I noticed something when the project was completed.
As I looked over the names of the pastors, early on a lot of them were not around very long. Itinerant ministry was different back then, for sure. But even so, several of the pastors didn’t have more than one year. I asked someone who had been around the church for a while why they thought that was so.
“Well, those were different times, Pastor. My guess is if the people didn’t like what you said, they would let you know. People carried shotguns around back then.”
Of course, that was a joke. Kind of.
Pastoral ministry was different in the 1800s. There was a cost many pastors today might not be willing to pay. Costly ministry in our terms today means thousands of dollars for streaming equipment or new buildings. I’m sure finances have always been a factor in ministry, at least in some regard.
But I’d like to consider the cost of ministry isn’t all about money, not even a lot about money. Instead, the cost of ministry is much deeper. Of course, the ministry I’m talking about isn’t just pastoral ministry either.
It’s your ministry. It’s how you advance the kingdom of God where and when God leads you. There’s a cost we all have to consider.

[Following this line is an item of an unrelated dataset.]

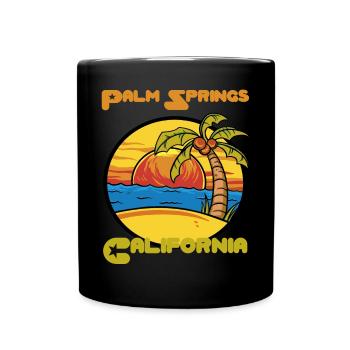 Palm Springs Sunset Vacances Californie Pa - Mug uni - noir - Devant
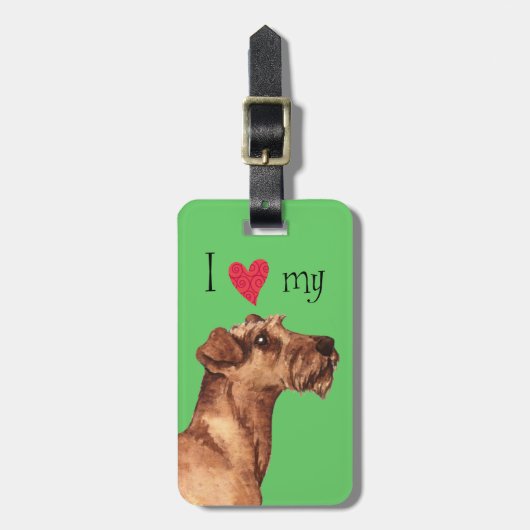 Ich Liebe mein Irisch Terrier Gepäckanhänger (Vorderseite vertikal)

Luke introduces us to Saul in the seventh chapter of Acts. He’s mentioned almost in passing as the people stone Stephen. In the next chapter, this unknown-to-us Saul is now ravaging the church.
Luke says that a great persecution arose once Stephen died. The church scattered as a result. I appreciate how the NRSV translates what happened. As the church scattered, Saul went from house to house taking people to prison for their belief in Jesus.
But those who were scattered went from place to place to preach Jesus. Evil went house to house, but hope went place to place.
What was the cost of ministry then? It wasn’t money. It was safety and freedom. You could say the cost was humiliation and persecution.
Now, take some time to reflect on your ministry. If it’s going to be fruitful and faithful and accomplish anything for the glory of God, chances are, it’s going to cost you something. Maybe it will be a financial cost. Then again, maybe you’re going to need to endure hardship for a season or even pushback. Would it be worth it to you?
What is it going to cost you to fulfill your ministry of reconciliation?